Data for this exercise:
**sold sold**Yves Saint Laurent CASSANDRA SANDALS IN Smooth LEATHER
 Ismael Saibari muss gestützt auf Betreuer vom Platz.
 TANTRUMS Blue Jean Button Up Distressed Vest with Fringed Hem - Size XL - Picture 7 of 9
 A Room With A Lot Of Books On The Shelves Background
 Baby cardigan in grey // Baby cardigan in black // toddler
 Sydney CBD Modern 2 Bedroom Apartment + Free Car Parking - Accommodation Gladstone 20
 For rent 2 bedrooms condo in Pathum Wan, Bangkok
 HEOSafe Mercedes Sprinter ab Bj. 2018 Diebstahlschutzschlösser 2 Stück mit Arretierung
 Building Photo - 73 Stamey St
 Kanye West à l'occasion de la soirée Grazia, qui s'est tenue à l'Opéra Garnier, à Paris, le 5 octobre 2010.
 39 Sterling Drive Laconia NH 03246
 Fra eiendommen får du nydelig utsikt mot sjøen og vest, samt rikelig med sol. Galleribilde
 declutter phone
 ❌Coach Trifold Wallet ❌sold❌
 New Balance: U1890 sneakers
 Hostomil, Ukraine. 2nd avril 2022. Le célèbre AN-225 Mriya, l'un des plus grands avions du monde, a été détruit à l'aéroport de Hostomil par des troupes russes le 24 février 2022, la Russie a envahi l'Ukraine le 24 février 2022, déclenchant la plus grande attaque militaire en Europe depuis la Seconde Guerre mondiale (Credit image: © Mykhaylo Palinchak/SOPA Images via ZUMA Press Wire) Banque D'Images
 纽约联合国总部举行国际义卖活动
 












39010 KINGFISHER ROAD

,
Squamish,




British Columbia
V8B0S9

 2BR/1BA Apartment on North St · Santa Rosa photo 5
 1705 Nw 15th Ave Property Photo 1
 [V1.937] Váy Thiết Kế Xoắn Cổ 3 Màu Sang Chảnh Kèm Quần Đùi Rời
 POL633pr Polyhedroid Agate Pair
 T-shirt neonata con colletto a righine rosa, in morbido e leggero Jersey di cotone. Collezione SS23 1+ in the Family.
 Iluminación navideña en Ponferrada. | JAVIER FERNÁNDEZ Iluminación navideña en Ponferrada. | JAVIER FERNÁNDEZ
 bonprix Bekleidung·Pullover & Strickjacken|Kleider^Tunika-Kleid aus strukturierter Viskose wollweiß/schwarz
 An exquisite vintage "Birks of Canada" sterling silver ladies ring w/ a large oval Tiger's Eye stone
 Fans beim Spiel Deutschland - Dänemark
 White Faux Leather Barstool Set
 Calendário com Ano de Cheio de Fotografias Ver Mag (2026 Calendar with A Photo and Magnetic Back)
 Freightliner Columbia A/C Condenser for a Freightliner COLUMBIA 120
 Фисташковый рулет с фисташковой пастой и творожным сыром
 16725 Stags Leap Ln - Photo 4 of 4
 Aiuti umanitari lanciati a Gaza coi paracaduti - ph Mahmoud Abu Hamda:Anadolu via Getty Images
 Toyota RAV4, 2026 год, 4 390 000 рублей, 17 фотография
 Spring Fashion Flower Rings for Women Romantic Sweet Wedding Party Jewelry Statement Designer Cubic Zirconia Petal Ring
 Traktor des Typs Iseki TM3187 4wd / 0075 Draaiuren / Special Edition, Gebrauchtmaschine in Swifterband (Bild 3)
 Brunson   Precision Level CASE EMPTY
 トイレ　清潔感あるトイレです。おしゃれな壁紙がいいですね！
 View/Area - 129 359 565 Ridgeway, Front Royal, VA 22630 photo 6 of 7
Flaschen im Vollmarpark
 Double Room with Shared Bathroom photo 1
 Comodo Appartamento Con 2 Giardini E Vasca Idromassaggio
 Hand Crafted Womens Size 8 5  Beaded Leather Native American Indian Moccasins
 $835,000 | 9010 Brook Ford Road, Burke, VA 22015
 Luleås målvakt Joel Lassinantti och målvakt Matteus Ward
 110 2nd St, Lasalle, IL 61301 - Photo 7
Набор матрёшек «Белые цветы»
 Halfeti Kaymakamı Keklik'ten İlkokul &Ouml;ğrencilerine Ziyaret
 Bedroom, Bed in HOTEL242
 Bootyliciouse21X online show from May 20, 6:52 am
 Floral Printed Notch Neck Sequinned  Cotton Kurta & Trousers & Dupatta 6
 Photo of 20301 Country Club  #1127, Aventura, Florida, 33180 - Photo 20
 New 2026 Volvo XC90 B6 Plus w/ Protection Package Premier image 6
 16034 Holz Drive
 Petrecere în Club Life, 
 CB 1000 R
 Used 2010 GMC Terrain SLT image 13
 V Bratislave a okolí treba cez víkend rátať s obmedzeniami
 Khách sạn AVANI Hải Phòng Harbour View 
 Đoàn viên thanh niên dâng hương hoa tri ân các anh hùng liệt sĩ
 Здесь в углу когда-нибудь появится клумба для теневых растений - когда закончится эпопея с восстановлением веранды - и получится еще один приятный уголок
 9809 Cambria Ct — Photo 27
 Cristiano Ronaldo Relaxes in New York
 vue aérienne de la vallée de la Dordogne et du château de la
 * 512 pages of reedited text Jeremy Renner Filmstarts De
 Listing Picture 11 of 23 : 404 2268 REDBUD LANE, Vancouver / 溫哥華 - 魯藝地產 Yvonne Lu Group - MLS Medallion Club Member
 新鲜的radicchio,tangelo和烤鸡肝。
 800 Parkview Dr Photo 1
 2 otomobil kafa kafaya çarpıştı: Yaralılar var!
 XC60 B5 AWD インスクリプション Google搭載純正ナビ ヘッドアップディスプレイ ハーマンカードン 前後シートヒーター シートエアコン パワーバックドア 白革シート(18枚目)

Exercise:
For each line above that includes the word "Picture", make a copy of that line.

Exercise response:
 TANTRUMS Blue Jean Button Up Distressed Vest with Fringed Hem - Size XL - Picture 7 of 9
 Listing Picture 11 of 23 : 404 2268 REDBUD LANE, Vancouver / 溫哥華 - 魯藝地產 Yvonne Lu Group - MLS Medallion Club Member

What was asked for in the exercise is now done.